Lastly, to anyone STILL reading..... let me bring this full circle. When you are in the depths of the YOUR darkest deep + lonely... sit with it, let the tears flow. For it is through these brutal moments that you'll learn more about life than any existentialism college course could ever bestow. There lies such a deep importance of sitting with your stillness, with your agony + your pain. For the stronger we emerge from such heinous darkness, the wiser + better we are at doing life and helping others in similar situations. No one said it was easy, and even this "MRS" has lived a far less glittering life than what has been portrayed. The glam moments aside, I've lived a life of an unrelentingly punished person. Yet, always buoyant, I pull the safety cord and rise back to the top with my chin up. It's the fighter in me that refuses to succumb to my own failure and disappointment. But, after so many times, it catches up to you and the ability to pull that cord becomes more and more difficult. Through the madness of it all, I've learned the importance of stillness and sitting with defeat. It's in these horrifyingly dark times that my inner flame re-ignites and the hurt of my heart causes the spark in me to revive + reheat. I can't predict the future, and I refuse to live in the past. All I know is what is in front of me is a gift, struggles and all, it's everything I have.
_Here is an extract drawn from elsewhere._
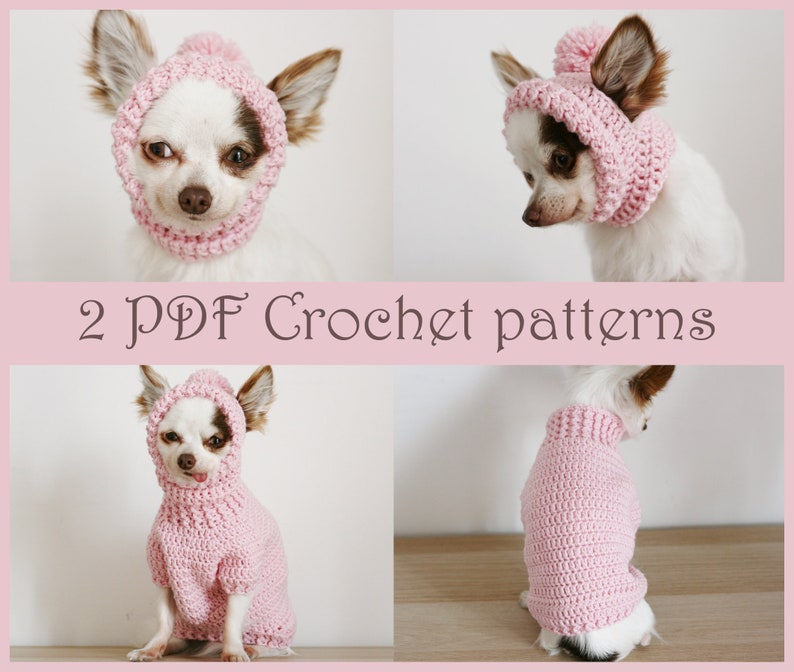 2 PDF Crochet PATTERNS Toy Chihuahua sweater and hat. Fast and easy. Made in one piece. Written in US terms. Skill level: Intermediate image 1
Good vibes + positive energy welcome. I'm grateful for all of you who've remained enthusiastically here. Fret not, the glitter, light + stardust will continue. This post NEEDED to happen for SO sooooo many reasons, I'm proud of myself for being so open, honest + public with god knows who.... I needed to this more than I needed air + I thank you for reading this far through. HIGH manicured TENS all around. Let's meet up again on something non-sad, but rather fabby and profound.